I don't think I have a relative with BPD, but I did post here about my mother, who seems to show many traits of NPD. ( https://bpdfamily.com/message_board/index.php?topic=289743.0 ) My brother is diagnosed with bipolar disorder, unmedicated. He hasn't worked in about 30 years. All his other sources of income dried up years ago (maxed-out credit cards, money embezzled from family members, etc), so he's been living with our elderly mother for the last 7 or 8 years. I always tell people it's like Grey Gardens without the singing and dancing over there. Seriously, though, it's pretty bad and going downhill.

My brother had an accident a few years ago. (Actually, he was caught in a tornado and a tree fell on him!) So now he is disabled as well. Broke his back and had to have his ankle pretty much reassembled from bone mash. He's worked hard to get to where he can walk with crutches and even ride a bike and do some hiking. BUT his mental state has been deteriorating.
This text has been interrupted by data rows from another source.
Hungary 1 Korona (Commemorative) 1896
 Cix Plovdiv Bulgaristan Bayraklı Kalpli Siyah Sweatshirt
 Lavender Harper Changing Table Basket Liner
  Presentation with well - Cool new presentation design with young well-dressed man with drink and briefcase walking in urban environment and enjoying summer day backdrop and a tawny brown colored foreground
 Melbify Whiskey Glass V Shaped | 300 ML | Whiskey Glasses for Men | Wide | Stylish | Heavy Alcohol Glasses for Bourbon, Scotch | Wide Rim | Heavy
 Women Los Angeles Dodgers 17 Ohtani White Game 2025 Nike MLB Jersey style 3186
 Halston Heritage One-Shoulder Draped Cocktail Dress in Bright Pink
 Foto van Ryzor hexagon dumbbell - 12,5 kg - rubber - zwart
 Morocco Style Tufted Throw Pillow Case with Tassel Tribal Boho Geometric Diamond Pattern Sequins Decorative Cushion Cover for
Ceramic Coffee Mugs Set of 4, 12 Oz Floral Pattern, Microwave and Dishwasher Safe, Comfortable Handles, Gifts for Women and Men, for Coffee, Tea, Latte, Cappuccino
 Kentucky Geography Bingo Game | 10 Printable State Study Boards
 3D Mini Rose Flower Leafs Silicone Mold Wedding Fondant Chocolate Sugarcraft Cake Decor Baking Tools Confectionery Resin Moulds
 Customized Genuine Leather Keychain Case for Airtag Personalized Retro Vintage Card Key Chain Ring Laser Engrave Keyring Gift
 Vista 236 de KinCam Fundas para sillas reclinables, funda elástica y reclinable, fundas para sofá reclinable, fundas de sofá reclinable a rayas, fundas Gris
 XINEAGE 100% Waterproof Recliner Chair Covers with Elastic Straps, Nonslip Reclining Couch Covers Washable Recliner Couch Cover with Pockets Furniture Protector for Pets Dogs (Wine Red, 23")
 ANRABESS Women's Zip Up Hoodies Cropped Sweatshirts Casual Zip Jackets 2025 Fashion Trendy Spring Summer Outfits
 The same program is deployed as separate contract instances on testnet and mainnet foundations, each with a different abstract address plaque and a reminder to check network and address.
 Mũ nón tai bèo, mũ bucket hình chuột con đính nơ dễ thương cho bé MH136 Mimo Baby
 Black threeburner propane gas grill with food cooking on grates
It's no picnic living with your mom as a man in your 50s, I'm sure, to say nothing of depending on her for pocket money. Also he drinks a lot. So does she, but he is sometimes pretty out of control.

My mother and I haven't been getting along great, but my brother--he has really turned on me in the last year. He's always been prone to belligerence, but it's a recent development that he's so angry at and paranoid about me specifically. There are some external reasons for this, not worth going into, but he and my mother have banded together against me quite needlessly and irrationally.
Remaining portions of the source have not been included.